I've worked with Redshift for about 5-ish years and BigQuery for about a year. I...

dehrmann · on May 23, 2022

I briefly worked on Redshift and have used Athena/Presto and Bigquery. Redshift felt like an architectural middle ground. Presto can query almost anything, and Bigquery requires storing data in Bigquery, but like Presto, you don't have to pay for inactive compute use. Redshift's scaling story is more complicated, and paying for inactive compute wasn't ideal. It sounds like it might have improved, but you're still essentially building Bigquery at that point. There might be some use cases that need a fast, columnar store that's already online, so queries take 3s, not 10s with Bigquery.

I generally prefer Bigquery, and between it and Bigtable, I actually prefer GCP over AWS because their offerings for hard-to-do things are really good. I'd honestly pick GCP just for those two products.

contol-m · on May 23, 2022

I work on BigQuery. All of these are great points: just wanted to point out that BigQuery can federate into external data sources as well: e.g. files on cloud storage and BigTable. Relevant feature is BigLake: https://cloud.google.com/bigquery/docs/biglake-intro

rockostrich · on May 24, 2022

Are there any performance benefits of BigLake over external tables stored in Parquet governed by Hive? Or is the main benefit the governance flexibility?
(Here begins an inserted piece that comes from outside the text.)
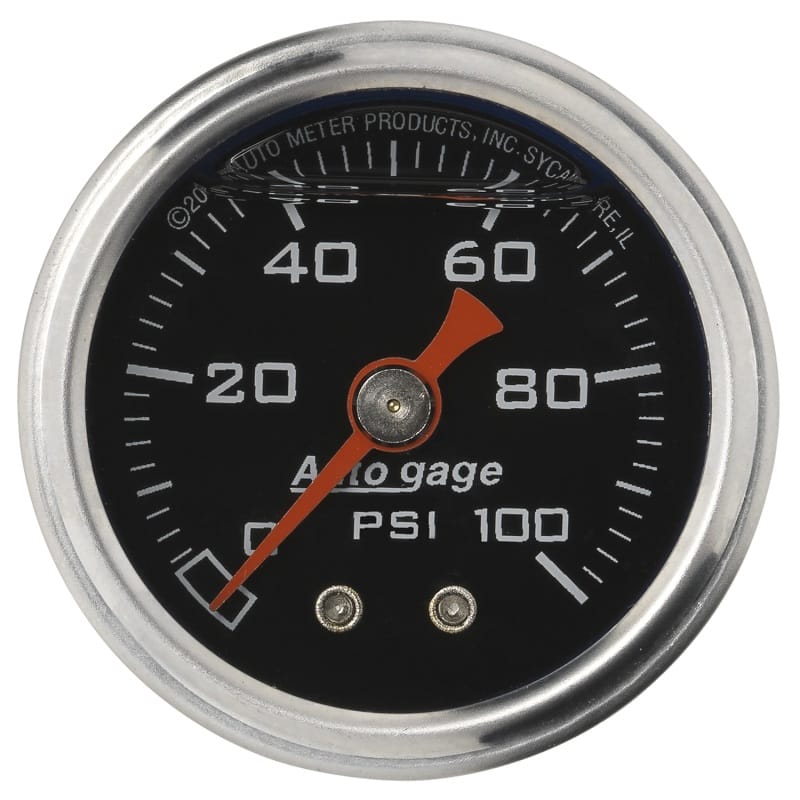 AutoMeter — Autometer AutoGage 1.5in Liquid Filled Mechanical 0-100 PSI Fuel Pressure Gauge
Ga Press 100psi Blk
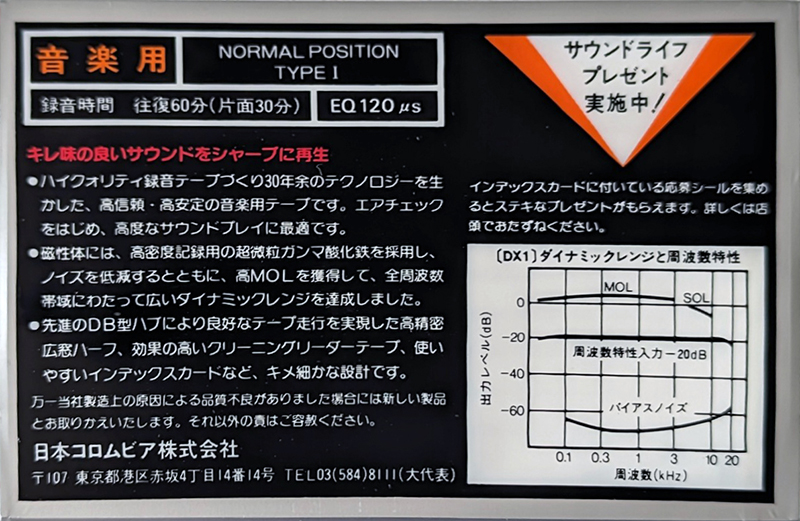 Compact Cassette Denon DX1 60 Type I Normal 1983 Japan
contol-m · on May 24, 2022

Currently the main benefit of BigLake over the current external tables is governance: you get row and column level security over cloud storage data. The governance is uniformly enforced across BigQuery and also the BigQuery storage API. The storage API can be used by any engine and we have pre-built open source connectors available for Spark, Presto/Trino, Dataflow and Tensorflow.

We're constantly working on improving BigQuery performance over open file formats on cloud storage. Some of these features will be specific to BigLake. Please stay tuned.
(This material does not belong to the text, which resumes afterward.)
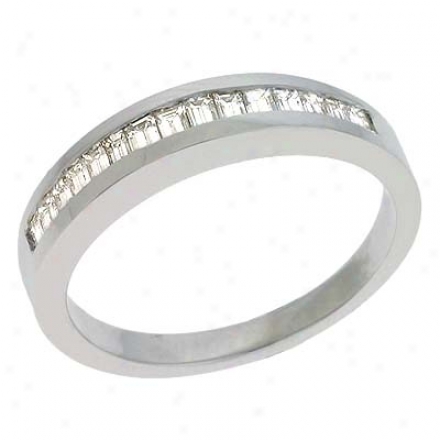 14k White Bagueette 0.5 Ct Diamond Band Clique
beckingz · on May 23, 2022

Bigquery alone is the reason I recommend GCP.

That said, both AWS and GCP have some real rough edges.

agiamas · on May 24, 2022

IME BigQuery is one of the very few reasons to recommend GCP over AWS.

TuringNYC · on May 23, 2022

Our most shocking discovery on Redshift was that primary key constraints are not honored. (Not sure why they even have PK identifiers given this, it just adds more confusion.)

jw887c · on May 24, 2022

This is the case for most column oriented data warehouses (including BigQuery, but Snowflake does allow for 1 PK). It's just the nature of the technology.

dits59 · on May 24, 2022

Suppose you are using AWS Datapipeline, it will make use of PK to get rid of duplicates.

bigq · on May 24, 2022

I worked on BQ, it is a very poor product I have to say. Poor performance and only few customers use it. Let's don't preach BQ... After I switched to snowflake, I can tell how good snowflake is in terms of the performance.